Both Netanyahu and his critics make valid points. Netanyahu’s glowing account of Israel’s extensive international ties and the critics’ warning of impending pressure are not mutually exclusive. Israel does have good working relations with most of the world – but it also faces the prospect of concerted international pressure to move on the Palestinian track.
The question is what strategic lessons are drawn from this ambivalent situation. The opposition argues that Israel should exploit favorable international and regional conditions to move on the Palestinian track with maximum Israeli input before key international players try to ram a far worse deal down its throat; the government holds that Israel is strong enough internationally as is, without a deal, and, because of what it offers in military prowess and innovative hi-tech, will be able to fend off international pressure to make one indefinitely.
Pressure on Israel, however, is likely to mount in the run-up to the UN General Assembly session in September, especially in light of the French initiative for an international conference in the summer to kickstart Israeli-Palestinian negotiations. And that pressure will only intensify in 2017, the year that will mark 50 years of Israeli occupation. The lack of a clear Israeli policy by a government blinded by the positive aspects of Israeli power and international relations could be seriously damaging to Israel’s overall strategic interests.

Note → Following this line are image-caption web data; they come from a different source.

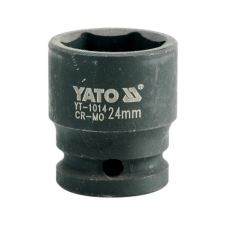 Yato Gépi dugókulcs 1/2" 24mm (YAT-1014) dugókulcs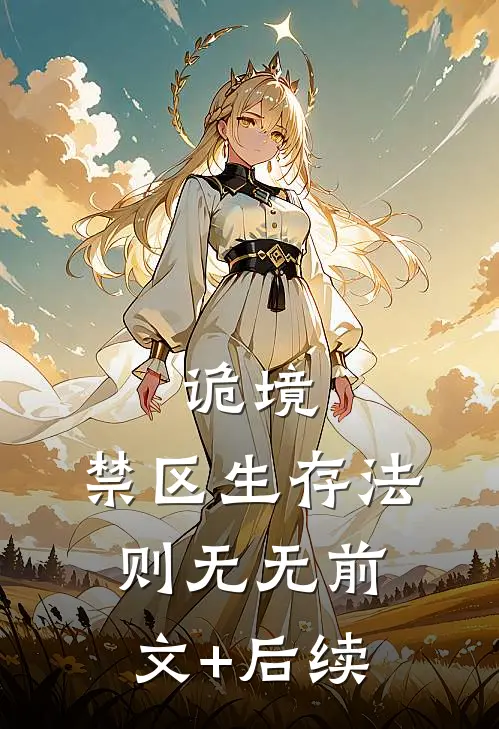 诡境：禁区生存法则无无前文+后续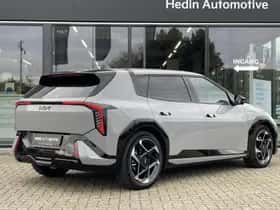 Kia EV4 (2025) thumbnail 2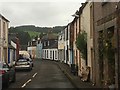 NT0805 : Church Street, Moffat by Graham Hogg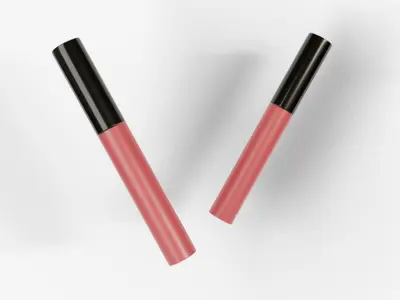 Lip Gloss 3D model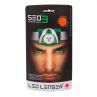 Фонарь налобный, цвет: зеленый, 6103, LED LENSER, Германия_00784540064331946747.jpg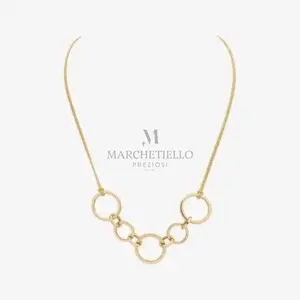 Collana donna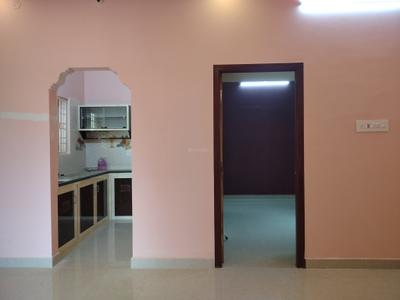 Living Room Image of 2400 Sq.ft 4 BHK Villa for sale in Rainbow Perumalpattu Villa, Perumalpattu Chennai for Rs. 10000000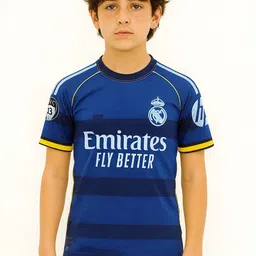 dostitch Boys Tshirts-picture-19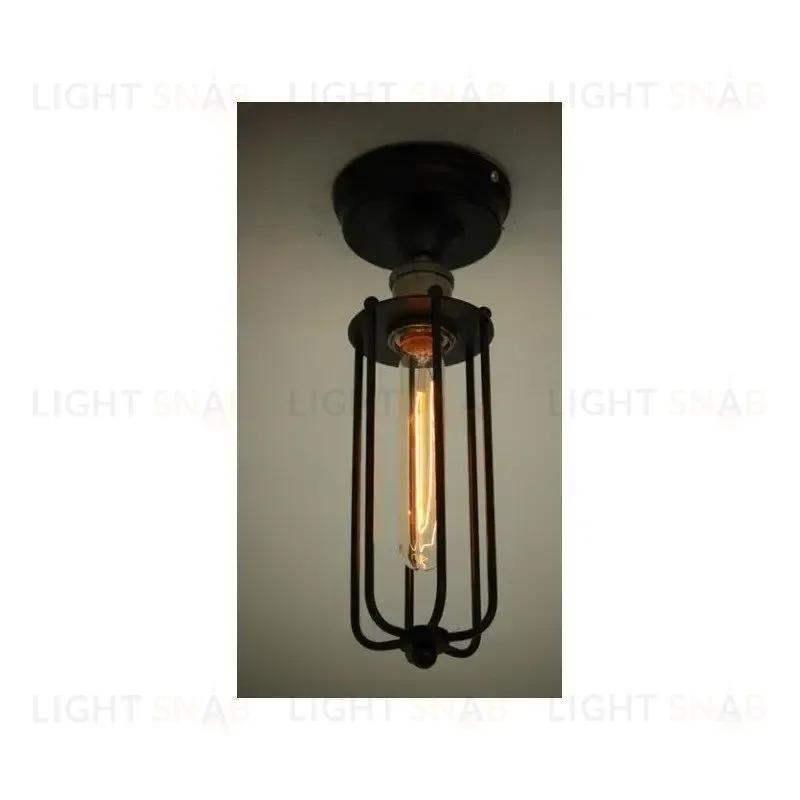 Потолочный светильник Grim 1401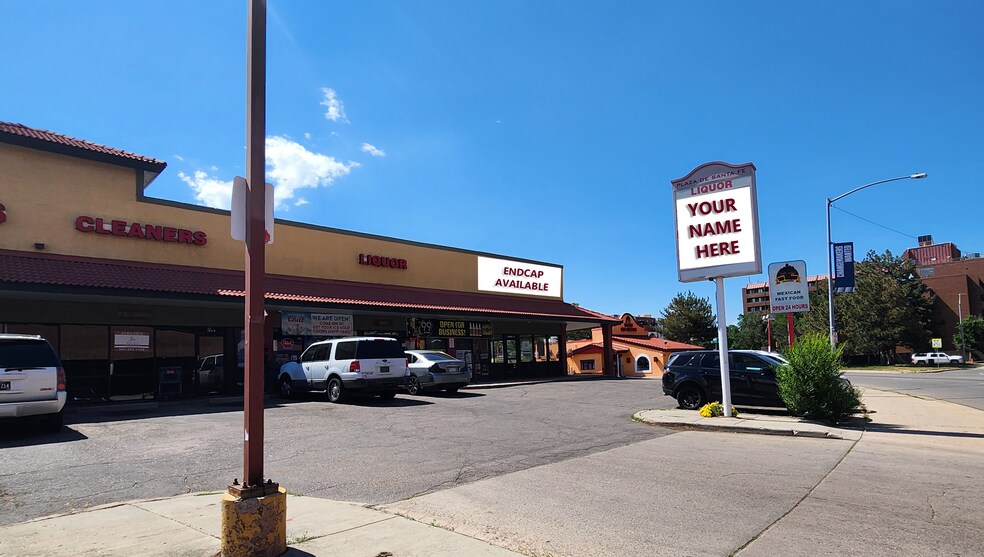 More Photos Of 1355-1385 Santa Fe Dr, Denver Unknown For Lease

This is partly why talk of replacing Netanyahu – seen to be in thrall to the more radical elements in Likud and the national religious movement – is gathering pace.

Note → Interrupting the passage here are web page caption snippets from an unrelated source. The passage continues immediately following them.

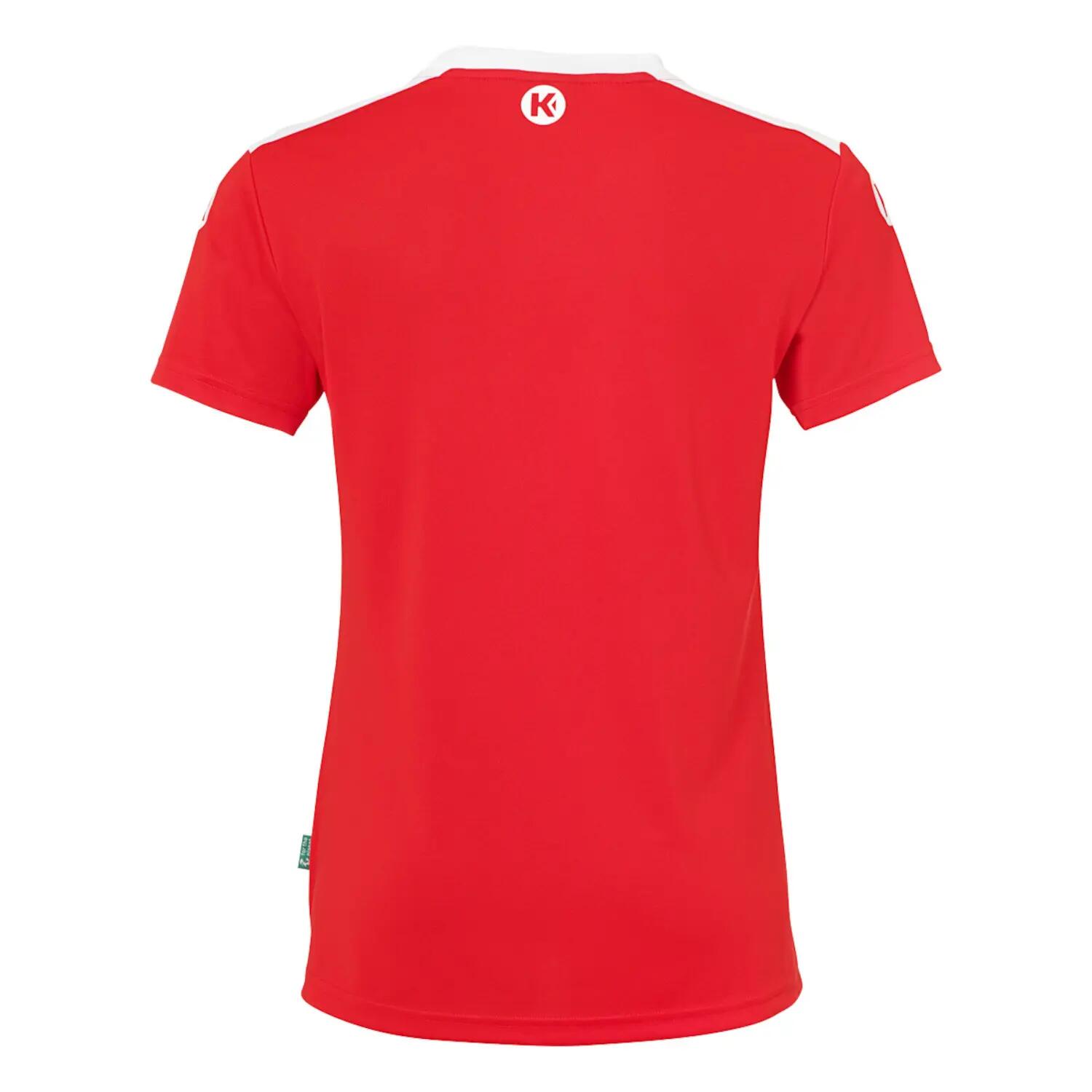 Camisola para mulher Kempa Emotion 27 5/5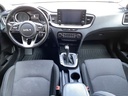 Kia Ceed SW 1,5 T-GDI Gold, Mo.-i, 1 Tulajdonos, Vezetett szervizkönyv.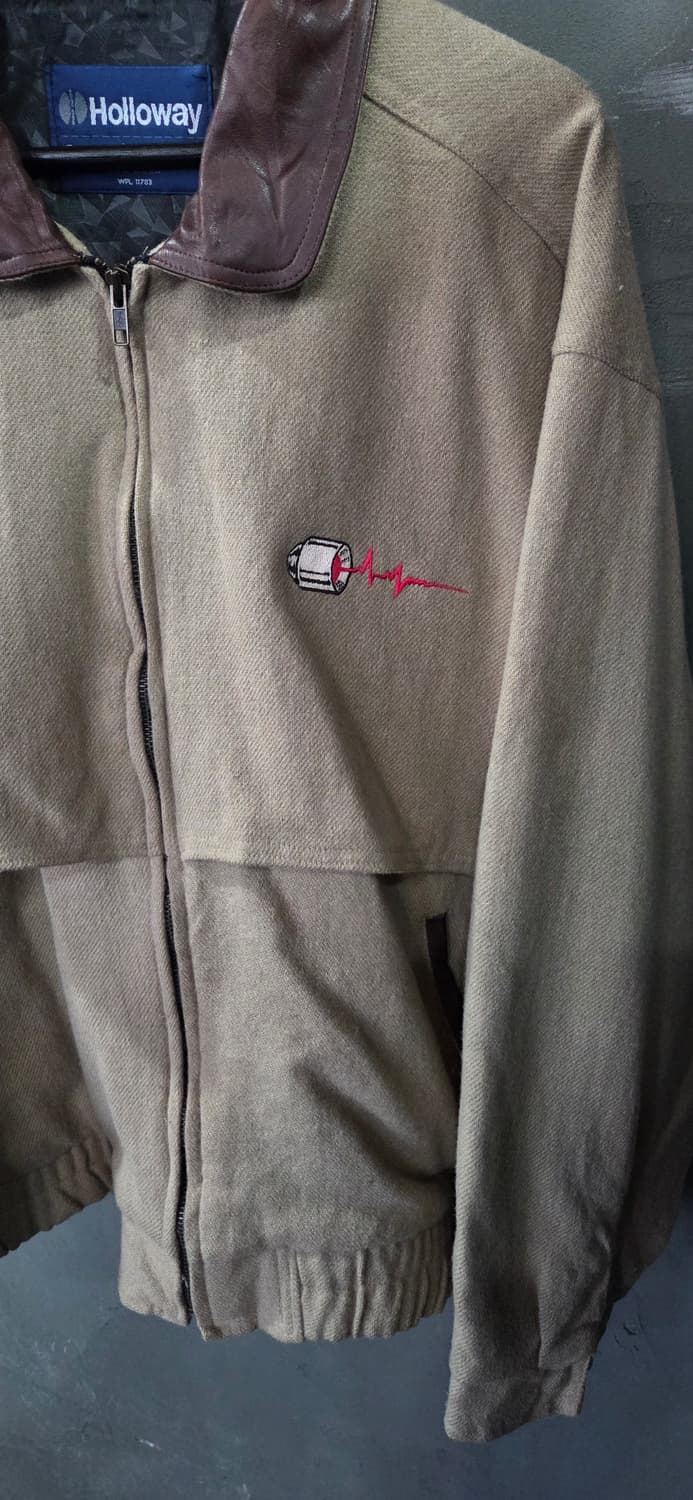 90's Holloway - Made in U.S.A. 상품이미지5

The idea is to create a big center-right bloc that can bring over right-wing votes to the center and so defeat Likud, much the same way as Kadima did in 2006, when it won 28 Knesset seats to Likud’s 12. The second “big bang” in Israeli politics would be similar to the first – creating a pragmatic center-right capable of winning enough of the right-wing vote to gain power and then, theoretically, move toward a two-state accommodation with the Palestinians.
However, compared to the Kadima model, there are several problems. Kadima had an agreed leader in Ariel Sharon, with an agreed policy of separation from the Palestinians.
The budding new center-right alignment has neither.
Polls consistently show that two-thirds of Israelis would like to see Netanyahu ousted. But for that to happen the center right would have to produce a leader with obvious prime ministerial gravitas, someone, with strong security credentials, who can convince the voting public that Netanyahu is not irreplaceable.
For now, it not even clear that the center- rightists will be able to coalesce around an agreed candidate. Most of the names being bandied about in the center-right context, Lapid, Liberman, Kahlon, Sa’ar and Ashkenazi, have prime ministerial aspirations and would be loath to defer to anyone else. Moreover, it is not clear that if they came to power they would follow a twostate policy. Herzog is the only self-styled centrist leader pressing separation from the Palestinians as a central policy tenet. And he is not in the center-right frame.
What is clear is that Israel’s international standing is evolving for better and for worse.
It may still be in a relatively good place, despite the occupation, but it could be in a much better place without it. And, if the occupation continues, it could find itself, sooner rather than later, facing the diplomatic tsunami its critics have long been predicting.